Место Пушкина в мировой литературе - [6]
Поэтому, изображая этот человеческий тип, Пушкин как художник стоит выше многих выдающихся, даже великих писателей, пришедших ему на смену. Поэтому и художественная форма изображения этого типа — прекрасна. Мы получаем здесь возможность наблюдать, таким образом, какие сложные социальные проблемы кроются за эстетической красотой маленькой, изящной, легко написанной новеллы.
Еще с большей конкретностью проявляется все художественное социальное своеобразие этого прекрасного в пушкинских композиционных принципах. Говоря кратко, суть этих принципов — в непрерывном сочетании лаконичного, концентрированного изображения отдельных деталей и полифонического построения произведения в целом. Тот факт, что капиталистическое общество не слишком благоприятствует расцвету искусства и особенно высокой литературы, выражается, в частности, в том, что социальные взаимоотношения, классовые позиции и вытекающие отсюда душевные явления становятся все сложнее и сложнее. Вследствие этого писателей все более характеризует стремление многопланово разрабатывать детали, каждую деталь отягощать всеми возможными точками зрения, чтобы тем самым сделать произведение в целом правдивым и понятным.

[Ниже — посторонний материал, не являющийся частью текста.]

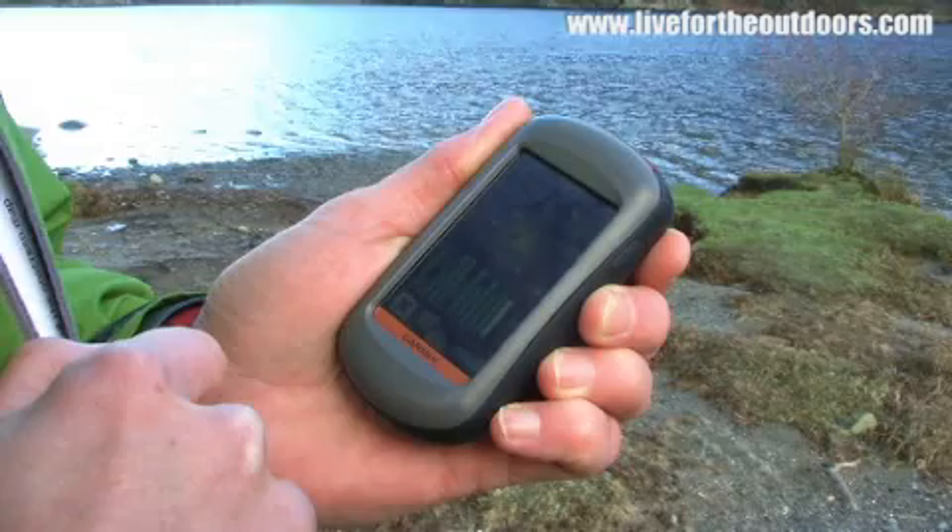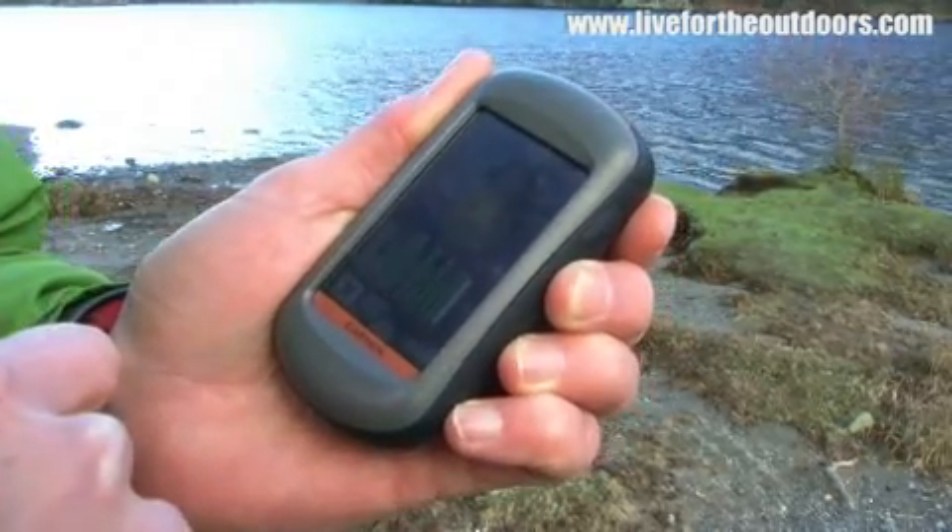It's a fairly neat construction and the touchscreen does work really well. It certainly shows that the touchscreen is the way forward for GPS receivers. Now that we've got the touchscreen and the OS quality mapping, what are we going to put on there next?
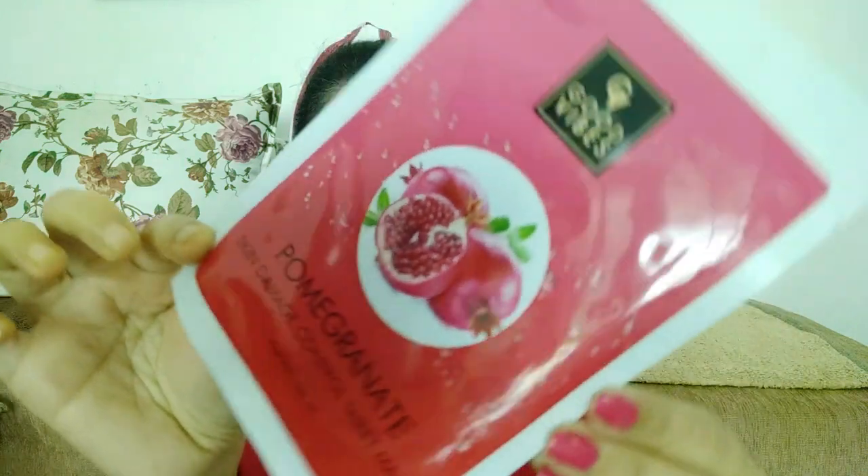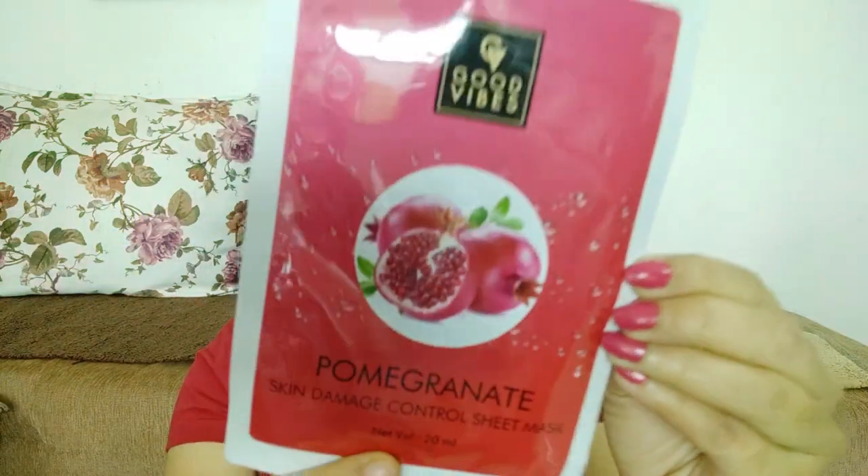So first I'll show you what this looks like. This is 20ml and the price is 99 rupees. On the packaging you have instructions on how to use it and all the ingredients are mentioned. The manufacturing date and expiry date are also on the pack. It says it prevents skin damage from harmful UV rays, crafted with fresh ingredients to refresh your skin and enhance its look.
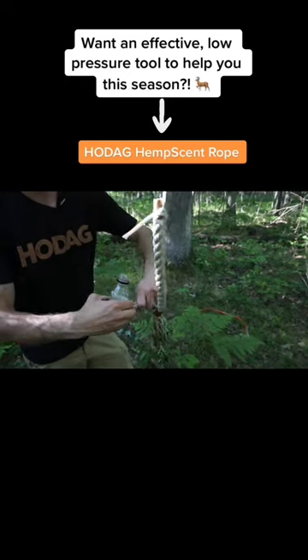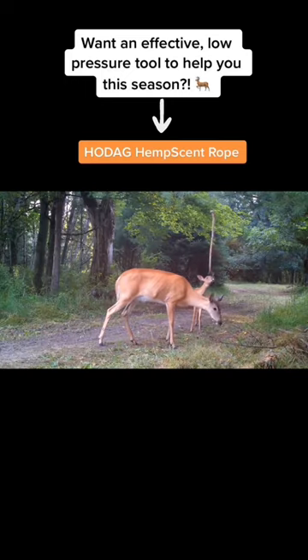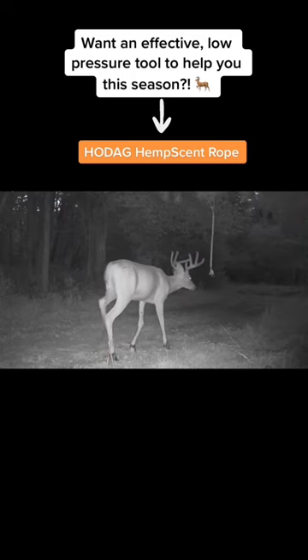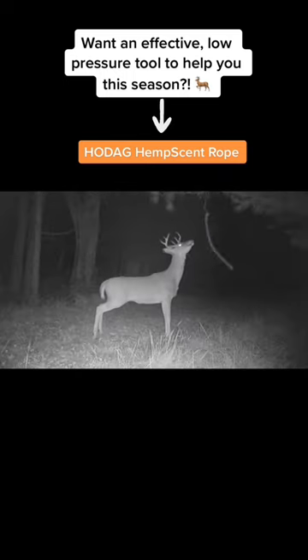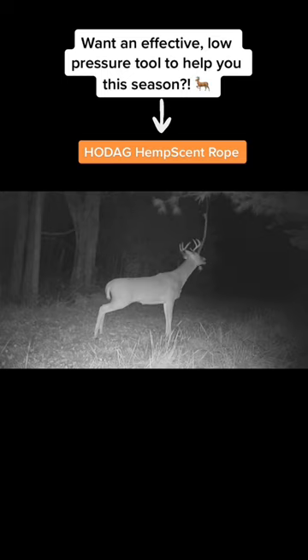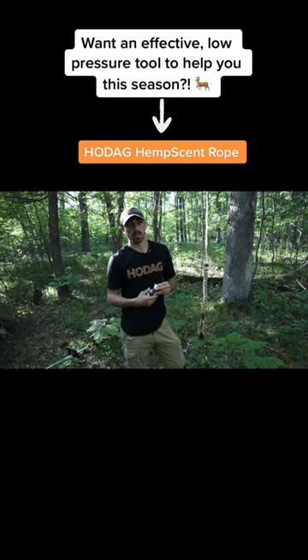All this scent is designed to do is to get a deer to come and initially interact with this rope, initially drop their scent on it. Now, once they start using it, they're dropping their scent on it already, so I won't come back in here and freshen it up. Theoretically, we shouldn't have to come back in here until season.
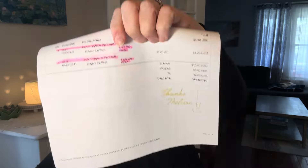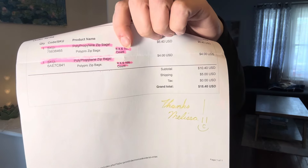It's really cute, you guys. They wrote 'Thanks Melissa.' Here's my invoice — I only spent $15.40. I got some 6x6 bags, 100 of them.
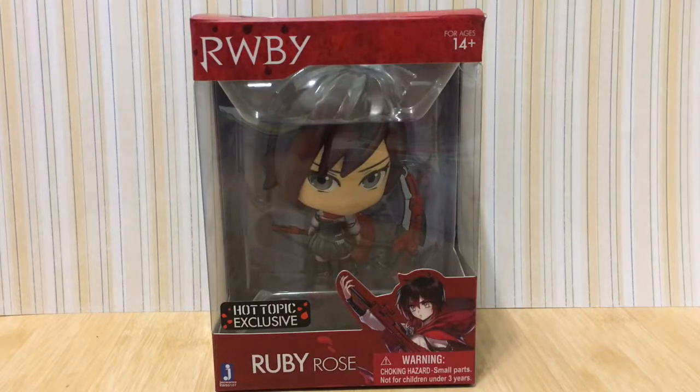Hello everyone, it's Moonlight Magic Gem here and today I will be showing you guys this Ruby Rose action figure. Let's get started.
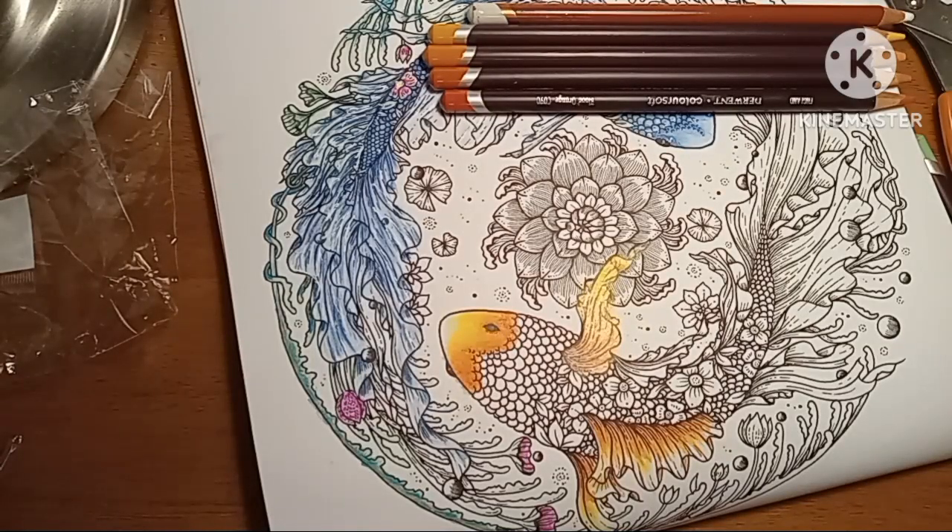I made this one darker on purpose because he's kind of turned down towards the water, which would make it darker anyway. And what's close to the top will be the lightest. We've got a whole lot more of this fish to do — oh yeah, we do. And I'm not finished yet.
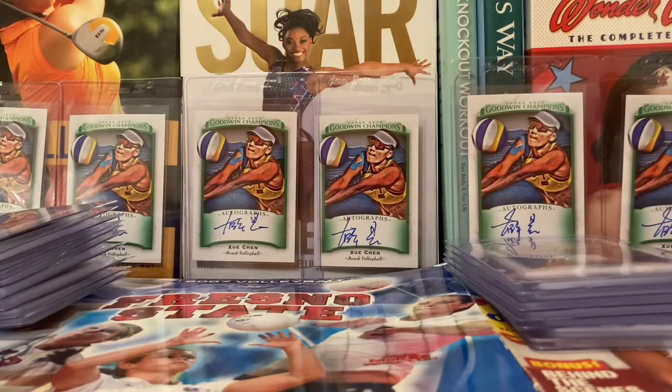Hello, I'm Daryl Howerton. Welcome to Women's Sports Cards, episode number nine. This one is titled Thrifty Thursdays: China Beach Volleyball Legend Xie Chen. On Thursdays we're going to start spotlighting the bargains of the week on eBay.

Но из многоплановости, полифоничности разработки деталей как раз и вытекает то обстоятельство, что отдельные части оказываются — в художественном плане — слишком тесно связанными друг с другом; бледнеют, стираются контрастные эффекты в форме и в изображении (как бы важны они ни были с точки зрения их социального заряда), в результате чего обезличивается композиционное строение произведения. Еще одно явление того же порядка: вследствие стремления к как можно более достоверному отражению современной жизни в литературе критического реализма непосредственное изображение действительности, человека все более отступает на задний план под давлением аналитических тенденций. В итоге все более затрудняется художественная дифференциация отдельных деталей внутри больших жанровых единиц. Этим объясняются битвы вокруг вопросов стиля, которые знаменуют XIX век; этим объясняется и тот факт, что в литературе XX века теряет свое значение, в значительной мере исчезает художественная пластичность. Эту борьбу мы наблюдаем уже у Бальзака; Флобер же в полной мере отдавал себе отчет в том, какой гнетущей может стать неизбежно возникающая при этом художественная монотонность. Чем ближе подходим мы к нашему времени, тем тяжелее и безнадежнее становится эта борьба, тем больше писателей заведомо отказываются от нее, превращая вынужденное следствие враждебности капитализма искусству в своего рода художественный принцип.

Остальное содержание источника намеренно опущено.